[Opening Study material section]

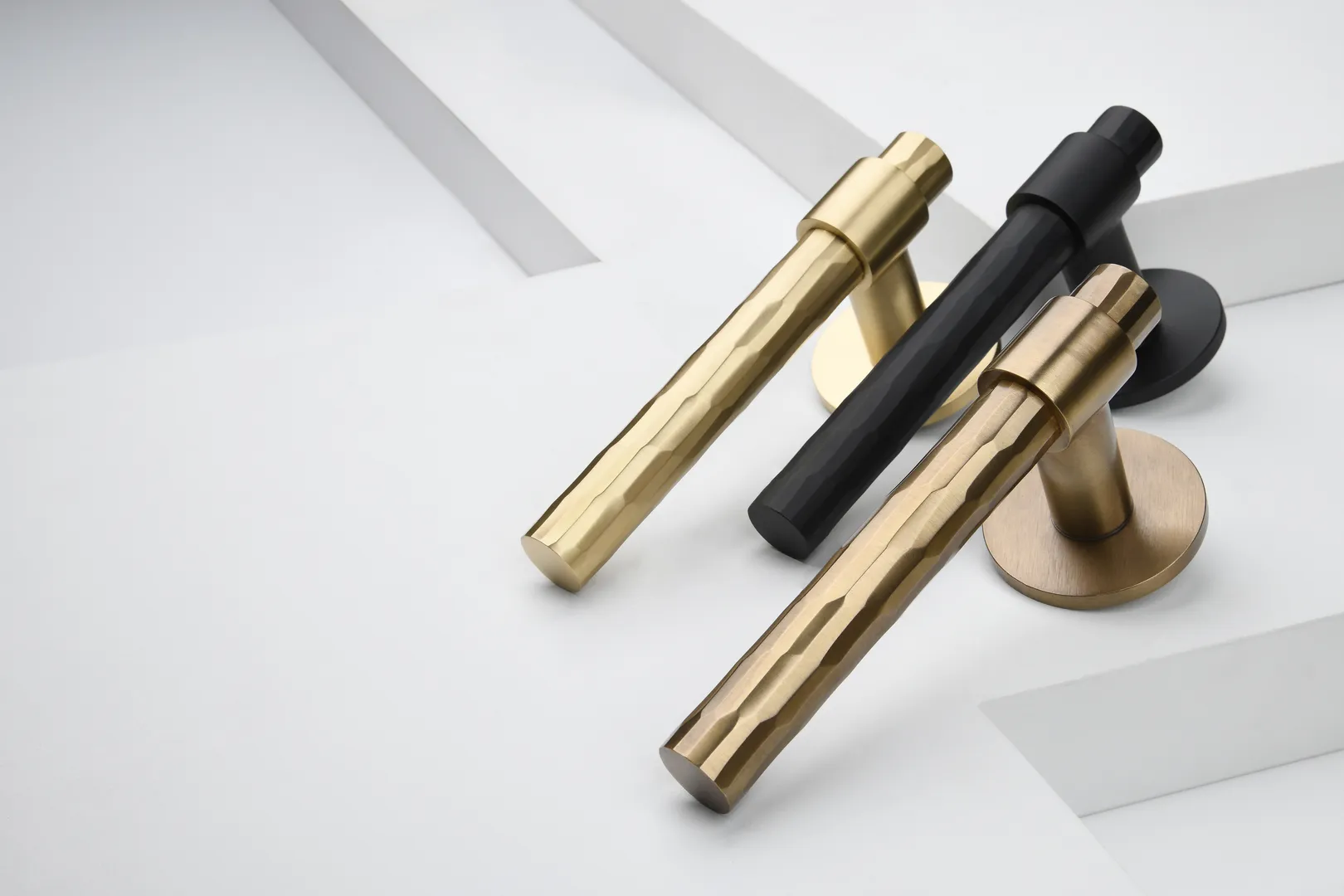 Rolled & Hammered Lever (LV1047) in ageless finishes Mid Antique Brass Ceramic - CMAB, Brushed Brass Ceramic - CBB & Soft Black Ceramic - CSB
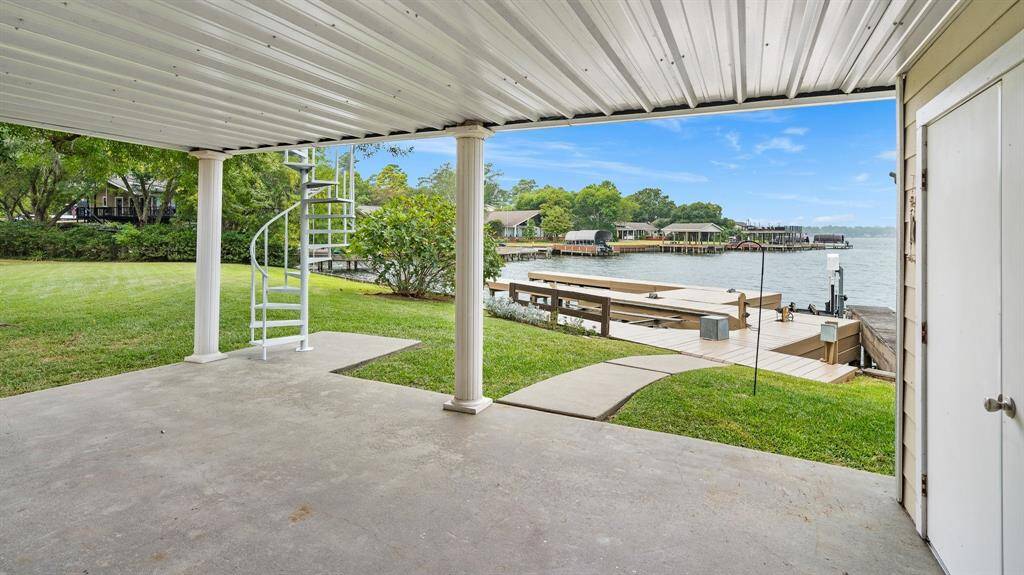 Covered porch and boat dock area! Two slips with lifts.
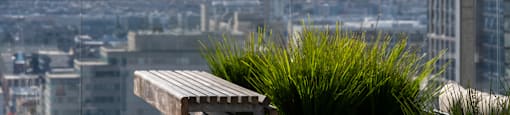 A row of grey concrete bins with black lids are lined up on a rooftop terrace.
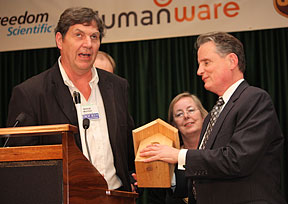 George Wurtzel presents a bluebird house to President Maurer.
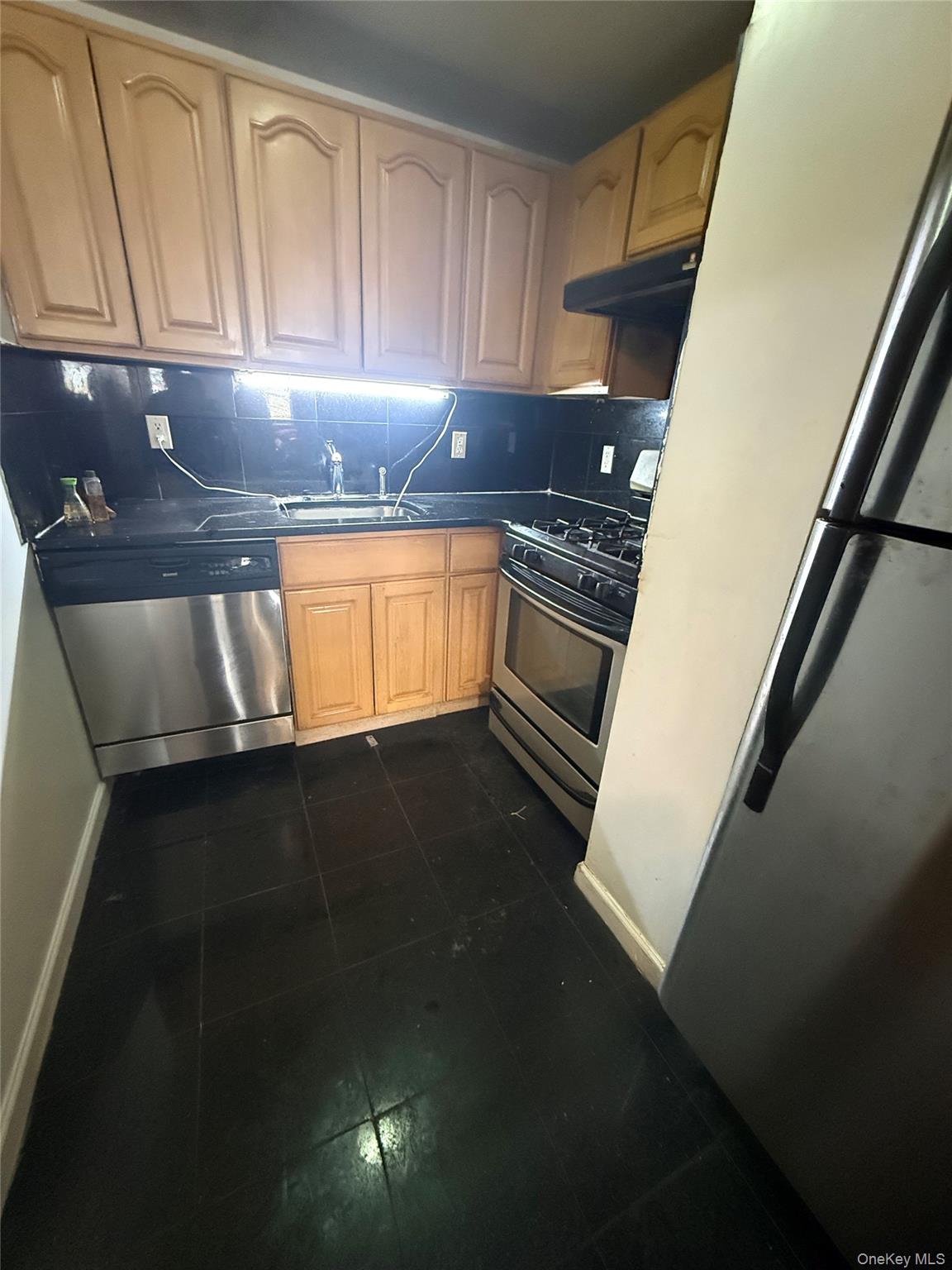 112-31 38th Avenue, Unit 3D Queens, NY 11368 - Photo 6 of 8 a kitchen with a sink a stove and cabinets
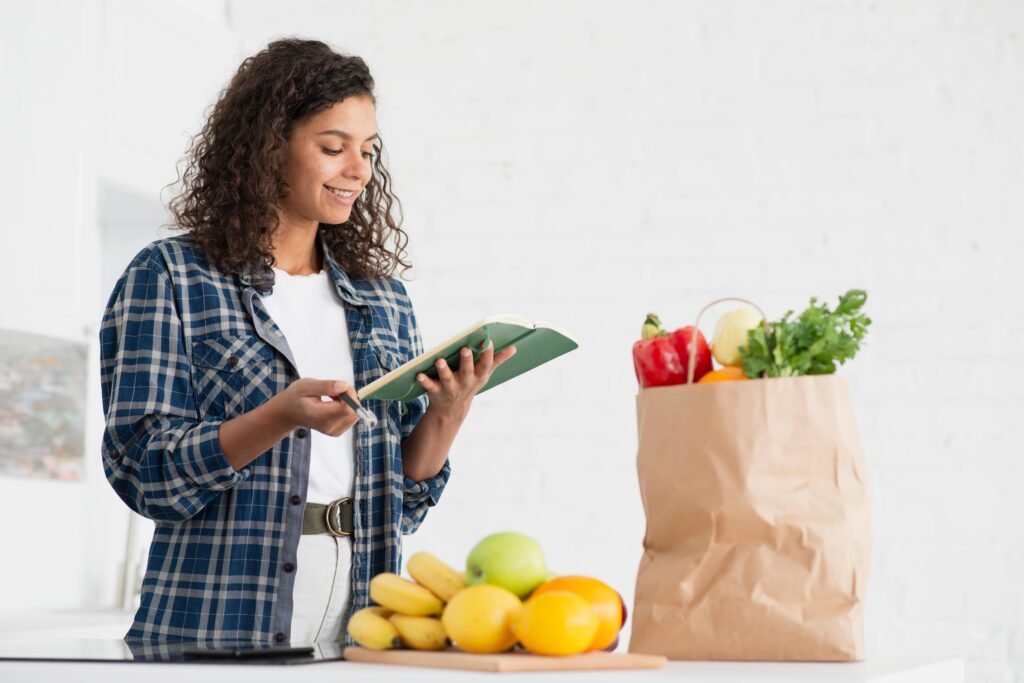 woman holding notebook vegetables bag 1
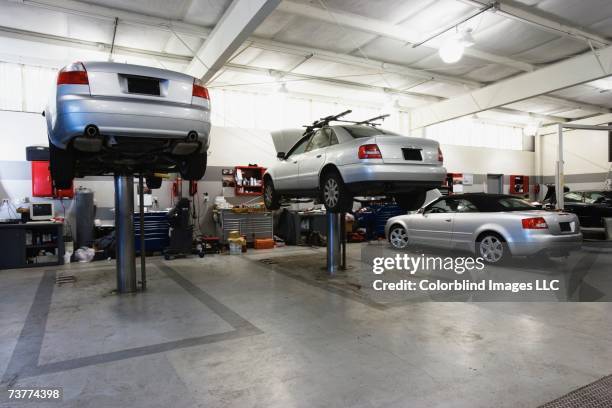 cars on hydraulic lifts at auto repair shop - car repair stock pictures, royalty-free photos & images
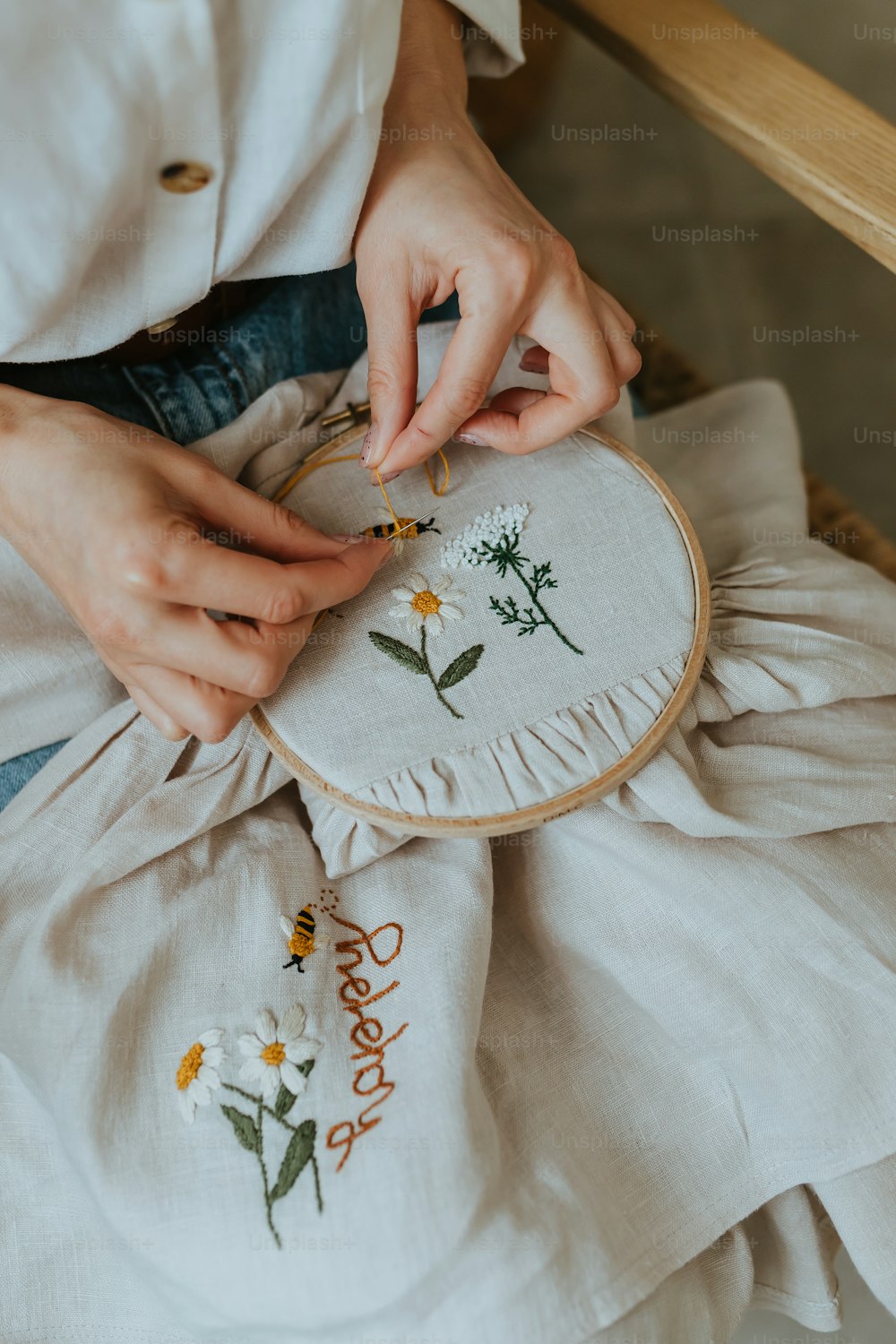 a woman is working on a embroidery project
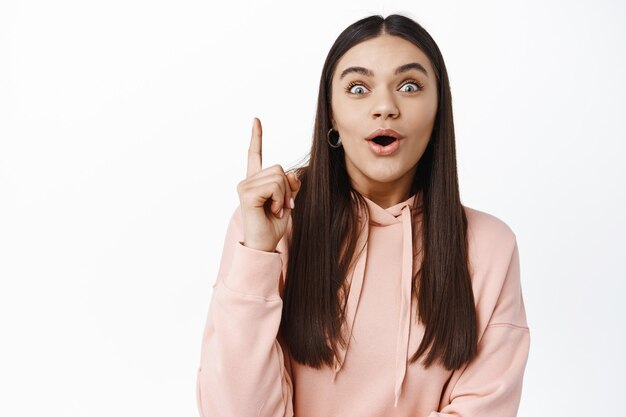 Excited brunette girl pitching an idea, raising finger up and gasping amazed, saying interesting suggestion, found solution or made-up plan, standing against white wall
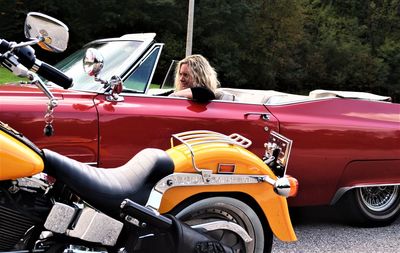 Side view of mature woman sitting in convertible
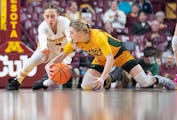 Gophers guard Amaya Battle, left, fights for a loose ball against North Dakota State's Heaven Hamling in a WNIT Super 16 game at Williams Arena on Mar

[Closing Study material section]

→ **What to work on**
Exactly the lines from the top of the listing through the line with "a woman is working on a embroidery project", and no pictures, should be printed.

→ **Task solution**
 Rolled & Hammered Lever (LV1047) in ageless finishes Mid Antique Brass Ceramic - CMAB, Brushed Brass Ceramic - CBB & Soft Black Ceramic - CSB
 Covered porch and boat dock area! Two slips with lifts.
 A row of grey concrete bins with black lids are lined up on a rooftop terrace.
 George Wurtzel presents a bluebird house to President Maurer.
 112-31 38th Avenue, Unit 3D Queens, NY 11368 - Photo 6 of 8 a kitchen with a sink a stove and cabinets
 woman holding notebook vegetables bag 1
 cars on hydraulic lifts at auto repair shop - car repair stock pictures, royalty-free photos & images
 a woman is working on a embroidery project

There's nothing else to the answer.